** Opening Dataset content block **

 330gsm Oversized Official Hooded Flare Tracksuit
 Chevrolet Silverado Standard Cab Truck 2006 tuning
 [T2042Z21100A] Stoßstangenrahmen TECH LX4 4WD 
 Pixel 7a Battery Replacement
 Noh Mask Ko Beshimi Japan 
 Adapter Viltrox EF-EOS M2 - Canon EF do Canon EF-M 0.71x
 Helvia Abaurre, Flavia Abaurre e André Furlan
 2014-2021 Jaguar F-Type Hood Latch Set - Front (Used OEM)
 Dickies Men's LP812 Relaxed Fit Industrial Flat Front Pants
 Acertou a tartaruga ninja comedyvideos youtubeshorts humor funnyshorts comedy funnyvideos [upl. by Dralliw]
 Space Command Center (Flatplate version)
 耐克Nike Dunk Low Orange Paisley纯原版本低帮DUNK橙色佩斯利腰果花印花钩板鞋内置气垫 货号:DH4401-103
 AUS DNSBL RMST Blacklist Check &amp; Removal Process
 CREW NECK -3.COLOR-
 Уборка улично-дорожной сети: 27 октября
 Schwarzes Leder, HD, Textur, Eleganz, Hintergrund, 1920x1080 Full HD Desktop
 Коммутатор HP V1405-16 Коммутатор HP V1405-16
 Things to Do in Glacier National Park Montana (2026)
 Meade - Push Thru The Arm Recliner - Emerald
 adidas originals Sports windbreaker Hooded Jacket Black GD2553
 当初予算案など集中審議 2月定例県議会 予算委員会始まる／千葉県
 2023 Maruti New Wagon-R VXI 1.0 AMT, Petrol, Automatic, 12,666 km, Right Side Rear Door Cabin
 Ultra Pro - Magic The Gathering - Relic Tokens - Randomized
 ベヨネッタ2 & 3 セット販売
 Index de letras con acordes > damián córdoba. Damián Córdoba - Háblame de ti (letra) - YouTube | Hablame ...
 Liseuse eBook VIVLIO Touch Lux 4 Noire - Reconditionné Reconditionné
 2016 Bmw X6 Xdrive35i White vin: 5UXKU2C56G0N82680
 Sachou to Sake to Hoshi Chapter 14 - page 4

** Closing Dataset content block **

== What the task requires ==
Please filter the data down to the lines containing the word "Front".

== Answer space ==
 2014-2021 Jaguar F-Type Hood Latch Set - Front (Used OEM)
 Dickies Men's LP812 Relaxed Fit Industrial Flat Front Pants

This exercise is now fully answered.